Japan's former prime minister says he feared early in the March nuclear crisis that it might become many times worse than the Chernobyl disaster and threaten the nation's survival.
Naoto Kan says he imagined "deserted scenes of Tokyo without a single man" and the need to evacuate tens of millions of people.
"It was truly a spine-chilling thought," Kan said in an interview with the Tokyo Shimbun daily published Tuesday.
Kan said those images flashed in his mind during the first week of the crisis, when information coming from the radiation-leaking Fukushima Dai-ichi plant was sketchy and he was told that its operator, Tokyo Electric Power Co., was considering pulling out its staff. TEPCO has since said that it never planned to withdraw from the plant.
Kan, who resigned last week amid criticism over his administration's handling of the disaster, said when he heard that cooling systems had failed at the nuclear plant soon after it was damaged by a March 11 tsunami, he understood the gravity of the situation.
"The power was totally lost and there was no cooling capacity. I knew what that meant. So I thought, 'This is going to be a disaster.'"

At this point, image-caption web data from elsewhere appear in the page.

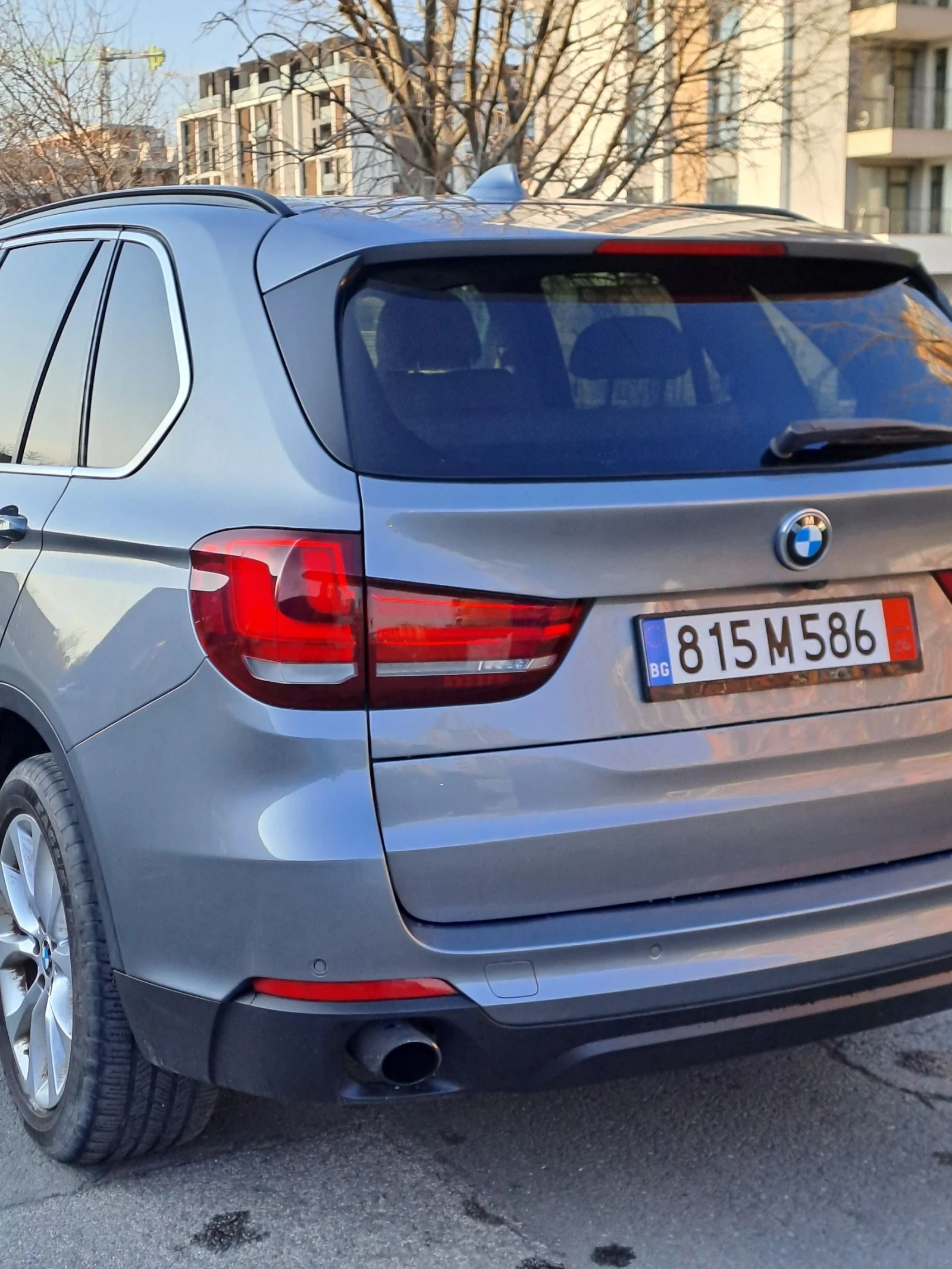 BMW X5 35i, снимка 5 - Автомобили и джипове - 53977719
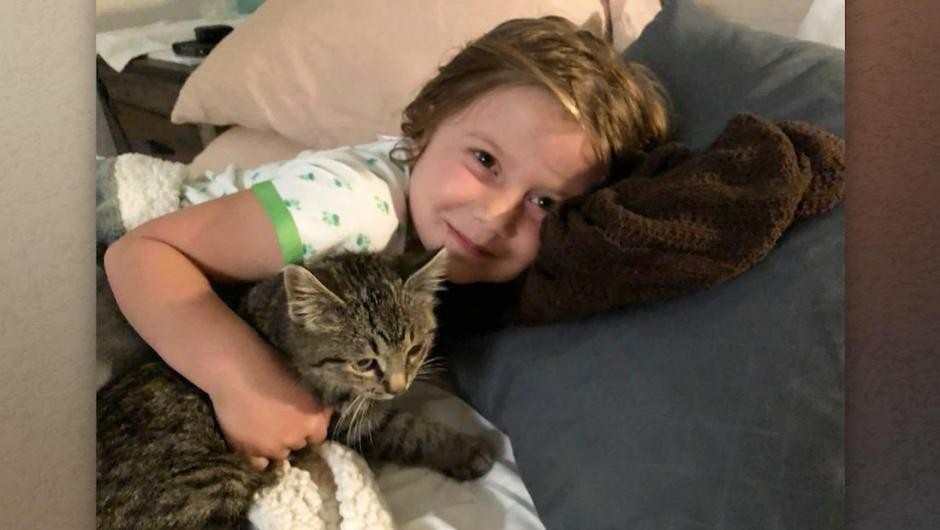 Una nena de 6 años murió en un campo de golf: la golpeó una pelotita que lanzó su padre | Internacionales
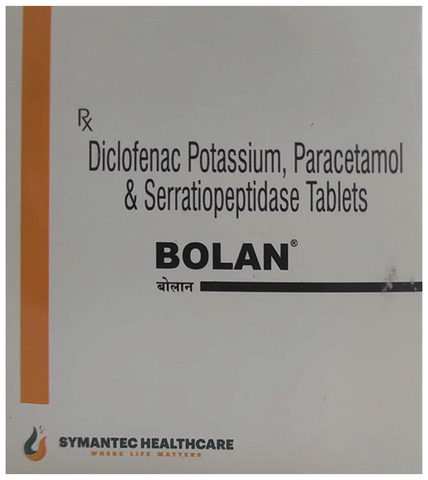 Bolan Tablet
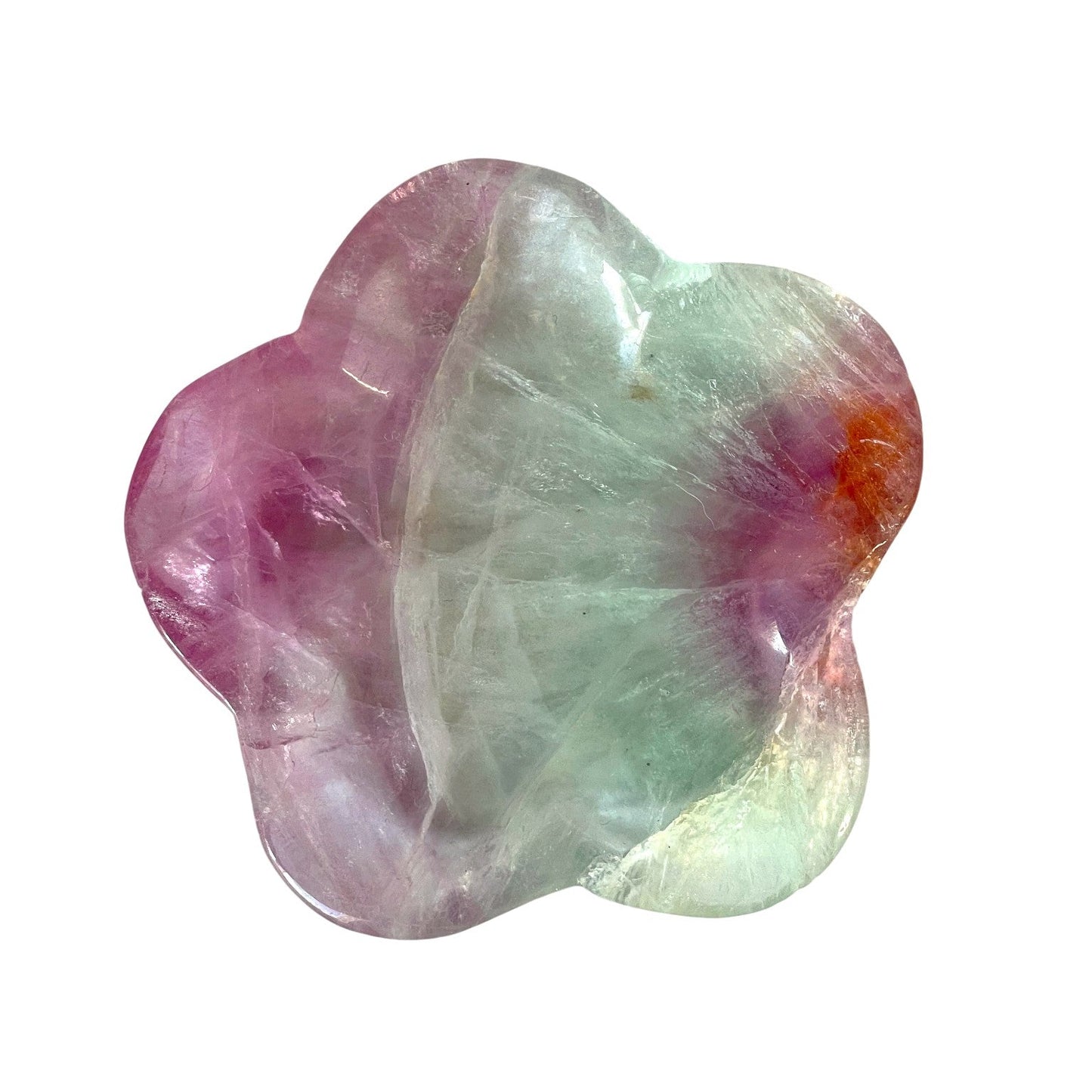 Candy Fluorit Schale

Kan said crisis management at the plant failed because the emergency plans included no scenario for a total power failure.
Authorities have since said that the cores of three of the six reactors melted down _ much worse than they said initially _ spewing about one-sixth the radiation emitted by the accident at Chernobyl.
After a series of hydrogen explosions, Kan said he heard from then-Trade Minister Banri Kaieda that TEPCO was considering pulling out staff from the nuclear plant.
Without staff to cool the overheated reactors, Kan said he knew the reactors and spent nuclear fuel stored in pools would "rapidly melt down and release massive amounts of radiation."
He said he summoned then-TEPCO President Masataka Shimizu for an explanation, but he "never told me anything clearly."
"Withdrawing from the plant was out of the question. If that had happened, Tokyo would have been deserted by now. It was a critical moment for Japan's survival. It could have been a disaster leaking dozens of times more radiation than Chernobyl," he said.
"Japan was facing the possibility of a collapse" at that time, he said in a separate interview published Wednesday by the Mainichi newspaper. "I was under an enormous sense of crisis."
As Kan grew more skeptical of TEPCO's handling of the accident, he established a joint task force with the company at its headquarters four days after the crisis began.
At about that time, the U.S. government, which had been providing assistance from the start, was becoming frustrated, Kan said.
"We were not told straight out, but it was obvious that they questioned whether we were really taking this seriously," Kan said. Japan then sent a pair of helicopters to pour water over one of the reactors in a largely unsuccessful attempt to cool it down. He said the move had a "symbolic" effect that eased some concerns.
Because of the high radiation levels, he said officials feared there would be a shortage of workers at the plant even after their maximum radiation exposure limit was raised to 250 millisieverts from 100 millisieverts. Kan said officials considered raising the limit further, but the discussion abated as the initial critical situation eased.
The Fukushima complex is about 140 miles (225 kilometers) northeast of Tokyo. The greater Tokyo area has more than 30 million people.
Some 100,000 people from around the plant have been evacuated. While the amount of radiation leaking from the plant has dropped significantly, authorities say accumulated radiation in the soil and vegetation may make it difficult for residents to return to their homes for some time, perhaps years.